Around Campus

UT Sweeps 2004-05 Big 12 Athlete of the Year Awards with Derrick Johnson and Cat Osterman Announced as Winners
Last month, the Big 12 Conference announced Longhorn All-America standouts Cat Osterman (softball) and Derrick Johnson (football) as this year’s Big 12 Conference Athletes of the Year. Osterman earned the honor for the second time in three years. Nominees are submitted by each Big 12 institution and selected by a media voting panel based on 2004-05 athletic performance, academic achievement and citizenship.
Osterman, a native of Houston, was the consensus National Softball Player of the Year and led the Longhorns to a third place finish at the 2005 Women’s College World Series.
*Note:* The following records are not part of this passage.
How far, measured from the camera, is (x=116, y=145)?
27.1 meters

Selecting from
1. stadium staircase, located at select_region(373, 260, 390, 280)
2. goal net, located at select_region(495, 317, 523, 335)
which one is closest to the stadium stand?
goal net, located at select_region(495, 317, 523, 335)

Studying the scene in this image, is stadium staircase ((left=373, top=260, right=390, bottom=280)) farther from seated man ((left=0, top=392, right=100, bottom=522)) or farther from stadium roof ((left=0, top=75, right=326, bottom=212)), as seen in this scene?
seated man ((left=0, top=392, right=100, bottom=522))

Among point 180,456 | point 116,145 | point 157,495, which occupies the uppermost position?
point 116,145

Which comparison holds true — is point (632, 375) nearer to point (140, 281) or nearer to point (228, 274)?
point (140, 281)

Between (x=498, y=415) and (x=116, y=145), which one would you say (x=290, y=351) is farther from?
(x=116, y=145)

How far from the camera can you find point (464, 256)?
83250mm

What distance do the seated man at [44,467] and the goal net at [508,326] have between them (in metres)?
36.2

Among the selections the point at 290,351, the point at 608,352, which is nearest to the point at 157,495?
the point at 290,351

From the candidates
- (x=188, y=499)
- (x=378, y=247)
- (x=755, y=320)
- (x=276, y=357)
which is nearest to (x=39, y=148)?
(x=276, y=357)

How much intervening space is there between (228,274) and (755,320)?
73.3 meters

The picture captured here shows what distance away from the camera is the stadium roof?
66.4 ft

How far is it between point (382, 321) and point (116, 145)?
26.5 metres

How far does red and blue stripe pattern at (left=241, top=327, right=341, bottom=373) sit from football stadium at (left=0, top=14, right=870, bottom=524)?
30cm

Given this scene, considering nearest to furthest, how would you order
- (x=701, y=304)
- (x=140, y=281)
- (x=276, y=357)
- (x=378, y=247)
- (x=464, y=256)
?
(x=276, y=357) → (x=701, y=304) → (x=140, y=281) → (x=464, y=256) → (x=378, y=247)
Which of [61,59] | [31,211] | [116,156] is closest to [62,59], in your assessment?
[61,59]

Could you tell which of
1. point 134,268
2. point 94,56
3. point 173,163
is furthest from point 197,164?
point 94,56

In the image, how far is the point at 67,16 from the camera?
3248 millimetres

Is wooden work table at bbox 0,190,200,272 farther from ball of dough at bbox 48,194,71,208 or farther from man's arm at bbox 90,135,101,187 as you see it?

Johnson, a native of Waco, was the 2004 Nagurski Trophy recipient as the nation’s top defensive player and the 2004 Butkus Award honoree as college football’s top linebacker.
In the nine years of the Big 12 Athlete of the Year awards, six of the female recipients and two male award winners have been from UT. Texas is the only school to sweep the annual Big 12 Female and Male Athletes of the Year honors, and has done that twice – this year and also in 1999 when Ricky Williams (football) and Suziann Reid (track and field) earned both awards.
For her career, Osterman is 98-21 overall with an earned run average of 0.54. She has amassed 1,635 strikeouts, the third-highest total in NCAA history, and enters her senior year just 138 strikeouts shy of the NCAA record for career strikeouts. A psychology major, Osterman has been named to the All-Big 12 Academic Team twice and to the Big 12 Commissioner’s Honor Roll four times.
Johnson was selected with the 15th overall pick in the 2005 NFL Draft by the Kansas City Chiefs. Johnson finished 12th in this past year’s Heisman Trophy balloting and was the top defensive vote getter for that prestigious award. Texas’ co-captain and co-MVP received the Texas Exes Leadership Award last spring at UT Men’s Academic Awards banquet, an honor that recognizes the student-athlete that best exemplifies leadership in the community and on the campus. He is a youth and community studies major who was listed on UT’s Athletics Director’s Academic Honor Roll in the Spring of 2004.
He finished his collegiate career with 458 tackles (third on UT’s career list) and 281 of those solos (fourth on UT’s career list). His 65 tackles for loss are a school record while his nine career interceptions are tops among linebackers in UT history.